While technical writers need good computer skills, they do not necessarily have to write about computers all their lives. "Technical" comes from the Greek techne, which simply means "skill".

Every profession has its own special specialized forms of writing. Police officers, lawyers and social workers all write specialized reports -- and someone has to learn, perform, critique, and teach each one. Every major politician hires staff members to design, administer, and analyze surveys -- and to write the secret reports that get leaked to reporters. Somebody has to design tax forms and the accompanying instruction books, assembly instructions for toys, and scripts for product demonstrations or multimedia presentations.

For a large project, a technical writer may work with a graphic designer, an interface designer, several computer programmers, and a staff of freelance writers to design a huge web site. For a small project, or for a small company, the tech writer may be expected to do all of the above, all alone.

The first rule of technical writing is "know your audience." Writers who know their audiences well are in a position to suggest and implement solutions to problems that nobody else identifies.  Whenever one group of people has specialized knowledge that another group does not share, the technical writer serves as a go-between. But technical writers are not just translators, accepting wisdom from experts and passing it on unquestioningly; they also are in the business of generating truth, by choosing what gets written, and for whom, with the full knowledge that later readers will depend on the accuracy of what has been written. 

Whoever writes the first draft sets the agenda.
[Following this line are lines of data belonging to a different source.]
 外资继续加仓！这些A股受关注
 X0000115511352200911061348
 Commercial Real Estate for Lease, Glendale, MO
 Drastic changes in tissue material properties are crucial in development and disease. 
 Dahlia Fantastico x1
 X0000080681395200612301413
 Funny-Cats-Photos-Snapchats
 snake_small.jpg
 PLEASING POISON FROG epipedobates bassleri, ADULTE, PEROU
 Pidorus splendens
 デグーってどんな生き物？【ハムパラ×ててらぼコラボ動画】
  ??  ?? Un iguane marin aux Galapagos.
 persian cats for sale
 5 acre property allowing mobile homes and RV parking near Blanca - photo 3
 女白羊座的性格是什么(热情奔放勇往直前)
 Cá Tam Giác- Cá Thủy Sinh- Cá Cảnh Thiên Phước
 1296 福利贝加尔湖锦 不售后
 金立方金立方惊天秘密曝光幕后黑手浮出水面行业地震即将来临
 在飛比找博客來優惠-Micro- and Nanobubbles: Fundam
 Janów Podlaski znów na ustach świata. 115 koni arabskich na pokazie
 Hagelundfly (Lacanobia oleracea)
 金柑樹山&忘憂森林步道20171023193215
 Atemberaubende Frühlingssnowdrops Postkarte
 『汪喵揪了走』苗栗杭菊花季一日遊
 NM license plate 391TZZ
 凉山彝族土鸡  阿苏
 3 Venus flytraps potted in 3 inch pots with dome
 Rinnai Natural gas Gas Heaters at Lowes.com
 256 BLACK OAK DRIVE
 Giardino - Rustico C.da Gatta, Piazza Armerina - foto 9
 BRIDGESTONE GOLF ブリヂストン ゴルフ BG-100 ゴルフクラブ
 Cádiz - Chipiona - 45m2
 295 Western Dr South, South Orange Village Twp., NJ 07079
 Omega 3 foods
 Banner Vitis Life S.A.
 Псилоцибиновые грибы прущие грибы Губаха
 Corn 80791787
  • Whenever I find myself writing the first draft of a collaborative document, about 80% of it gets published more or less as I drafted it. When other people show me their first drafts, I tend to change very little -- unless I really care about the topic, or I have a lot of time on my hands.
  • My sister is a computer programmer who, when she just started out, happened to distinguish herself by being very good at taking notes during meetings. Her colleagues began stapling her notes to the official minutes.  As a result, she was in a key position to resolve disputes about what did or didn't happen at a particular meeting, or to offer opinions about how a particular project was progressing. (These are the skills that enable employees to move out of the cubicles and into the offices with windows.)
  • On the web, where the most senior people in an organization typically spend the least time on the Internet, younger webmasters can have a disproportionately large effect on the way the world perceives the organization.
  • The web is mostly words. See: How Users Read on the Web.

Technical editing may involve working with brilliant researchers and scientists, who may be world-class experts in fluid dynamics or swine reproduction, but who may not know a paragraph from a participle. Some of these will be eternally grateful for your help, and others may resent your interference.

Good technical writers are also good teachers. They excel at explaining difficult concepts for readers who will have no time to read twice. Technical writers have an excellent eye for detail. They know punctuation, syntax, and style, and they can explain these rules to authors who need to know why their drafts need to be changed.

Although they typically work on their own for much of the time, they also know how to coordinate the collaborative work of graphic artists, programmers, marketers, printers, webmasters, and the various "subject matter experts" (SMEs), who know all the answers but have never bothered to write them down anywhere.